___ Data for this task

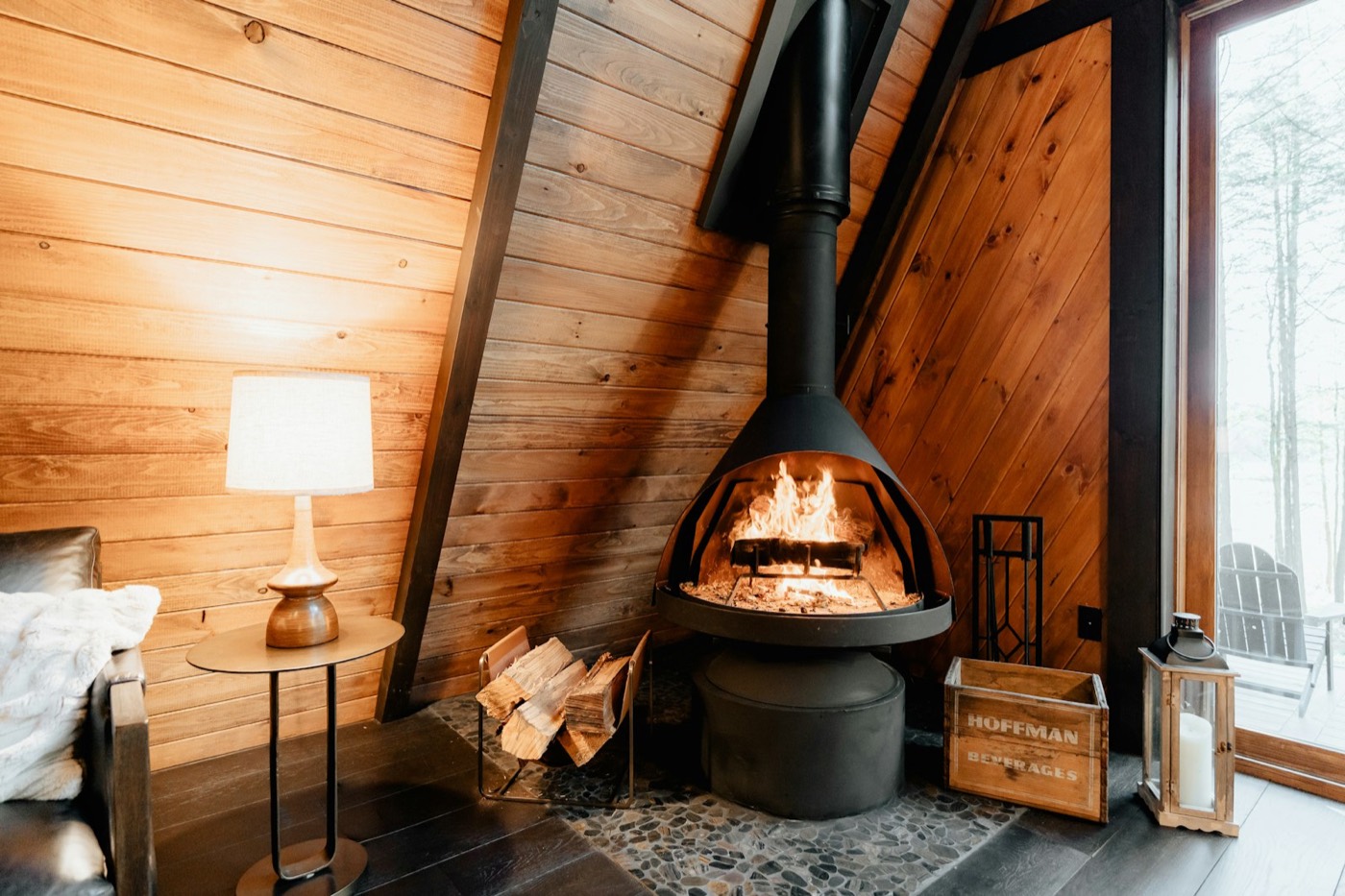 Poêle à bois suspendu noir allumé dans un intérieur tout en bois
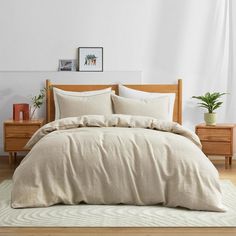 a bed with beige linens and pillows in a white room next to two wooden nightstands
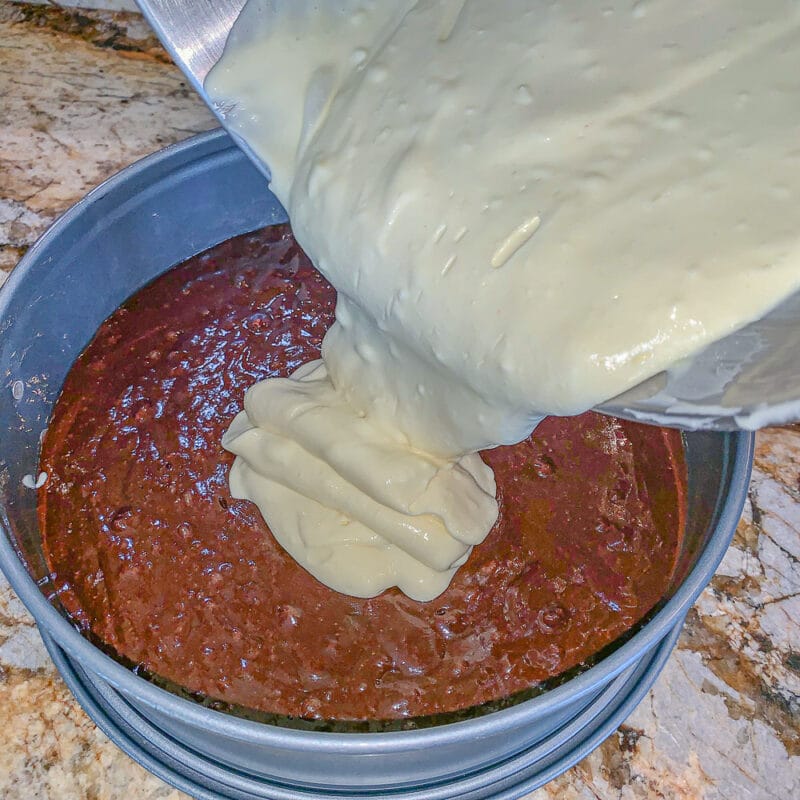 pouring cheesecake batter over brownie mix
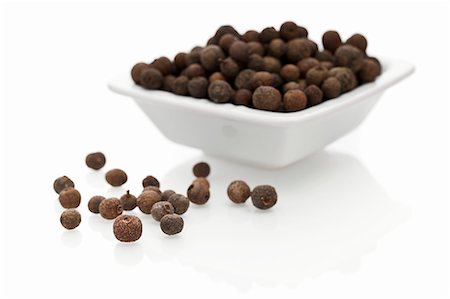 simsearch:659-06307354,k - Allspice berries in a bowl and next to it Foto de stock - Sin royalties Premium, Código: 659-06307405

______
___ Data for this task

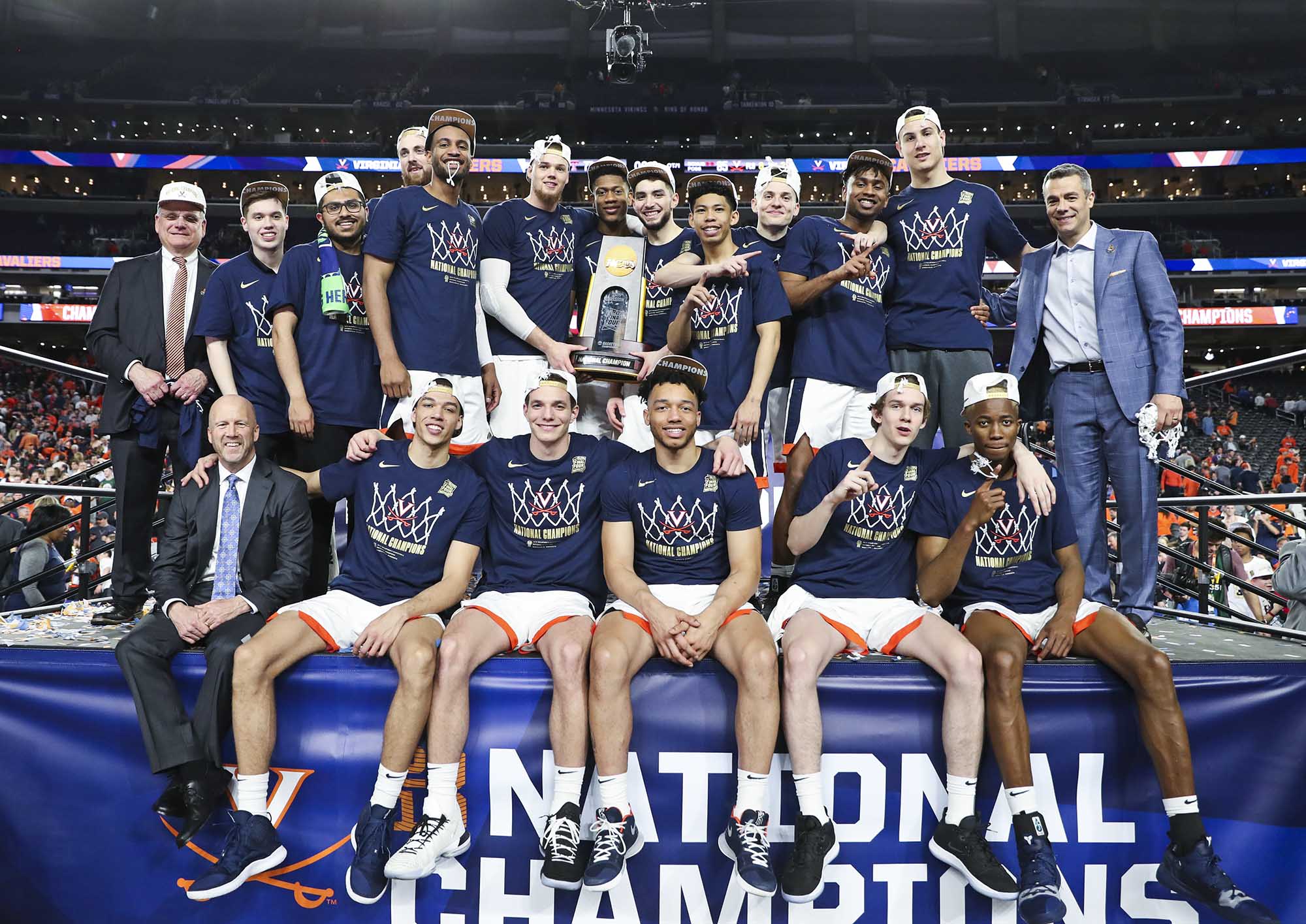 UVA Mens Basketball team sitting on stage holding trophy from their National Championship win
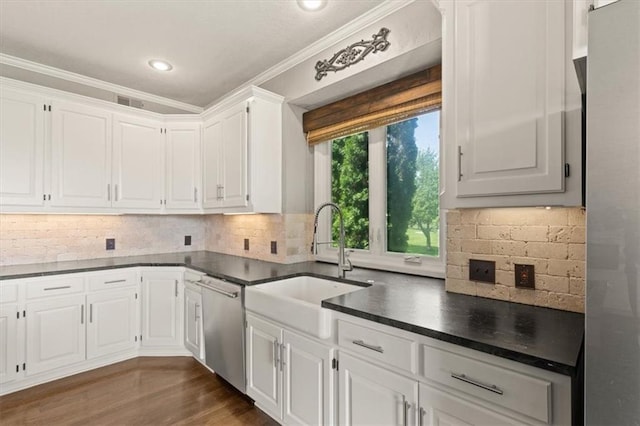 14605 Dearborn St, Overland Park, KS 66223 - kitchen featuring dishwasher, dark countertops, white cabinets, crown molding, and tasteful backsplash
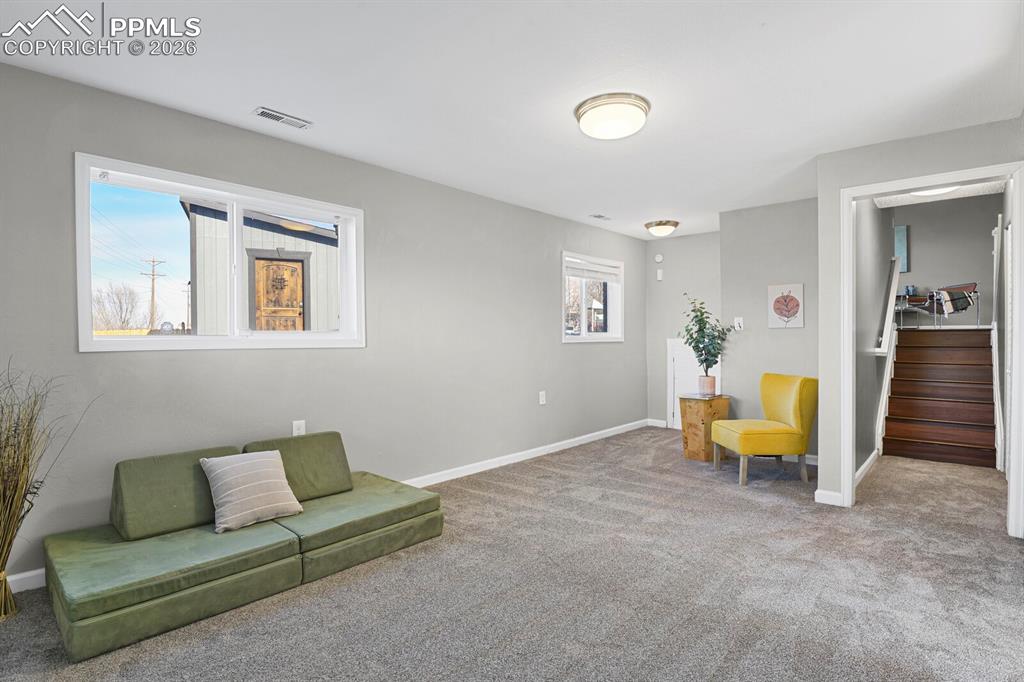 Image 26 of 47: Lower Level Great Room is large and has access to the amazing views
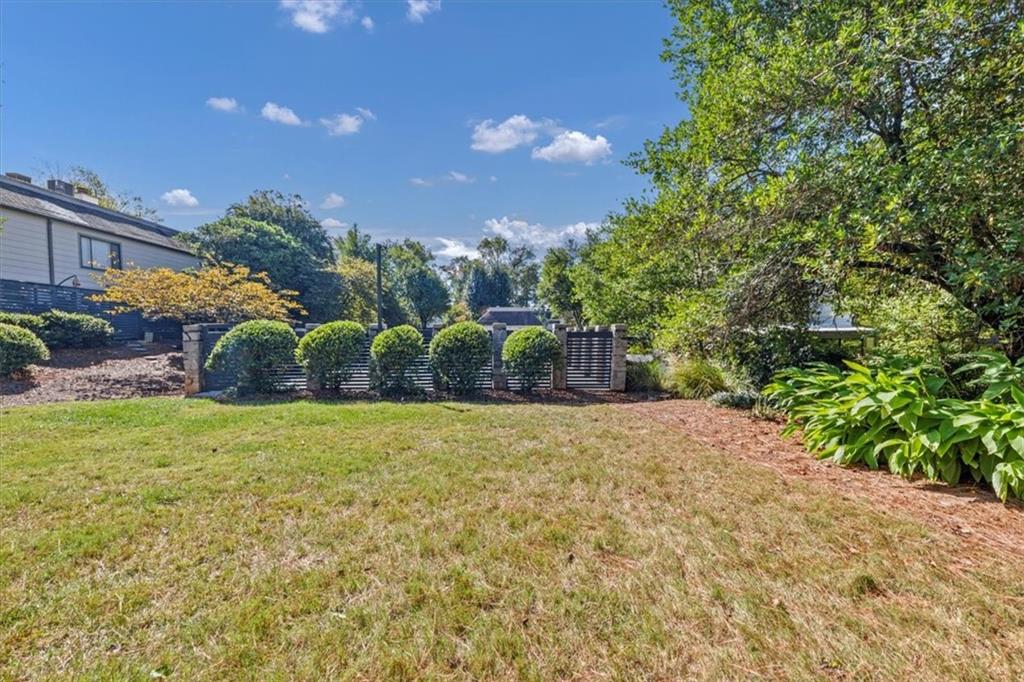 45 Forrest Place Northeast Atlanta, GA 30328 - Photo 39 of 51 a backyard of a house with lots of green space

______

The problem: Because only one stretch of the records is wanted, please output the lines from the one holding "pouring cheesecake batter over brownie mix" through the one holding "simsearch:659-06307354,k - Allspice" exactly, both included, and leave every picture out.

Result for this exercise:
 pouring cheesecake batter over brownie mix
 simsearch:659-06307354,k - Allspice berries in a bowl and next to it Foto de stock - Sin royalties Premium, Código: 659-06307405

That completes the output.